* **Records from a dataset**
◇ ◇ ◇

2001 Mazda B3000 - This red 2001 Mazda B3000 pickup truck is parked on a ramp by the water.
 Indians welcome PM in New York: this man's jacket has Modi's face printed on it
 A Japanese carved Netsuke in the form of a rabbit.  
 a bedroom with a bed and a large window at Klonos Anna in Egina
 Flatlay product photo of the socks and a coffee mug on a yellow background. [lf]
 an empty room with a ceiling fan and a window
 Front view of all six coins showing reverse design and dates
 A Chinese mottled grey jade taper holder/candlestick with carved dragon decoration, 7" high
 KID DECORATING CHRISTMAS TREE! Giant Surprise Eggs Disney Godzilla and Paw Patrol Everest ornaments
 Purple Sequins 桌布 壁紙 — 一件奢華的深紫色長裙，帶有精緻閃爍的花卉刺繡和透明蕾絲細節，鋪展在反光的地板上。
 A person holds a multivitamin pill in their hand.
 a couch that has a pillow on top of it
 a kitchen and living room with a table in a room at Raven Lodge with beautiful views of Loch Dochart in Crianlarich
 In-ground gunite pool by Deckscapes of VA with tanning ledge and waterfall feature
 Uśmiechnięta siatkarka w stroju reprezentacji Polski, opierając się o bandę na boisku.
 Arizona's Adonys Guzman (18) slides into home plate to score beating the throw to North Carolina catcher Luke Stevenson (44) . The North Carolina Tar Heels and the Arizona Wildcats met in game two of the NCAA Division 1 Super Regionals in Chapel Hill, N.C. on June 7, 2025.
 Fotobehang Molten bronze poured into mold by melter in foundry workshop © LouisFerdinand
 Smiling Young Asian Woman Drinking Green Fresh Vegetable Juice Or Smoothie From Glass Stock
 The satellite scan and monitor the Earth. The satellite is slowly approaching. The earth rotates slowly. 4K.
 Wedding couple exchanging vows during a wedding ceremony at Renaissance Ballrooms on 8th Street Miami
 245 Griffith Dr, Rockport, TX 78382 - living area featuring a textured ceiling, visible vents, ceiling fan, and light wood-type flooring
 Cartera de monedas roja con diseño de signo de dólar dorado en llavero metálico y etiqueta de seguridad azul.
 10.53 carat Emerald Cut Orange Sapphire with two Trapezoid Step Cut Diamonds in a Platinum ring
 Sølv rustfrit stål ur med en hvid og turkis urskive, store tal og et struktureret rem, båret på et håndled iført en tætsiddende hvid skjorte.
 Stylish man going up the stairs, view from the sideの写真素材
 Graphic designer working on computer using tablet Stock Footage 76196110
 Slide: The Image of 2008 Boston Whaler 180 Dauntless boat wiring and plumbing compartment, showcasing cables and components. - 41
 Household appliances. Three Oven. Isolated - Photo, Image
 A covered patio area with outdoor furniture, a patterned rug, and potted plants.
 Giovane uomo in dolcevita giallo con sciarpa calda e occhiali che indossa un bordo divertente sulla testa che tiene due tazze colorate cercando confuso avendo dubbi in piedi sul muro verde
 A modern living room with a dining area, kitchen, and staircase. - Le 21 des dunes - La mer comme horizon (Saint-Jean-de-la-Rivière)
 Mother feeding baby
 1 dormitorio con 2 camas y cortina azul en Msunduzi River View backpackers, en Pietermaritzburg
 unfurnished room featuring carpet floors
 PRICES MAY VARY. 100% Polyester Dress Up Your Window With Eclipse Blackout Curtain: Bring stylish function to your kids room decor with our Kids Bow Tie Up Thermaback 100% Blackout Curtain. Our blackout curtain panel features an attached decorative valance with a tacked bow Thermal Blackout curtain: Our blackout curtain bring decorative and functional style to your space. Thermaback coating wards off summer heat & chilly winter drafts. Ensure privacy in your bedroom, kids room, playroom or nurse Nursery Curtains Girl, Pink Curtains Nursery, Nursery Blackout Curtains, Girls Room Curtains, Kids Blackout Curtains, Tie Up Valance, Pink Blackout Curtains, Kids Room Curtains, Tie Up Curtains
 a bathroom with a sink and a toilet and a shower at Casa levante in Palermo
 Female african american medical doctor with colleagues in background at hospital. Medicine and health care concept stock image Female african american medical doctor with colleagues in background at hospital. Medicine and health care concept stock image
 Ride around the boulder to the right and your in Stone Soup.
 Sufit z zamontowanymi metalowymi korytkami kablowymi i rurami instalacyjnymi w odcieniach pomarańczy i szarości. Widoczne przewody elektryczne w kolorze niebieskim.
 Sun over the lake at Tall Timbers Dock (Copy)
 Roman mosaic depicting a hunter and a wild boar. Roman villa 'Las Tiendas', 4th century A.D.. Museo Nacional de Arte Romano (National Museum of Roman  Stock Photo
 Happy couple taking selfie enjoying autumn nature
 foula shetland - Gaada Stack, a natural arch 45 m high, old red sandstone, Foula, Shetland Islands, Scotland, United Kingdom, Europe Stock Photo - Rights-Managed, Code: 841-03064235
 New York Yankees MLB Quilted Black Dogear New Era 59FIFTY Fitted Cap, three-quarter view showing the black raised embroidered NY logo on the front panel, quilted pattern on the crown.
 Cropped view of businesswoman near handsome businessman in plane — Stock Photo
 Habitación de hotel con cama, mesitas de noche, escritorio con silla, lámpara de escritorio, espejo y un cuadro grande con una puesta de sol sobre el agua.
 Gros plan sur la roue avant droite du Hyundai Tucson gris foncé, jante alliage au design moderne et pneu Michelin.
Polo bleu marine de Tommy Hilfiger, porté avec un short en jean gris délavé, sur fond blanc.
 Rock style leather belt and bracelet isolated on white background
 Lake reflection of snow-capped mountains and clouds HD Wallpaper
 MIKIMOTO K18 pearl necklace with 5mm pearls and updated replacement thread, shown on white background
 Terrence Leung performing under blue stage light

◇ ◇ ◇

Given the records above, return exactly the lines starting at the line containing "10.53 carat Emerald" and ending at the line containing "Household appliances. Three", including both.

* **WRITTEN SOLUTION**
 10.53 carat Emerald Cut Orange Sapphire with two Trapezoid Step Cut Diamonds in a Platinum ring
 Sølv rustfrit stål ur med en hvid og turkis urskive, store tal og et struktureret rem, båret på et håndled iført en tætsiddende hvid skjorte.
 Stylish man going up the stairs, view from the sideの写真素材
 Graphic designer working on computer using tablet Stock Footage 76196110
 Slide: The Image of 2008 Boston Whaler 180 Dauntless boat wiring and plumbing compartment, showcasing cables and components. - 41
 Household appliances. Three Oven. Isolated - Photo, Image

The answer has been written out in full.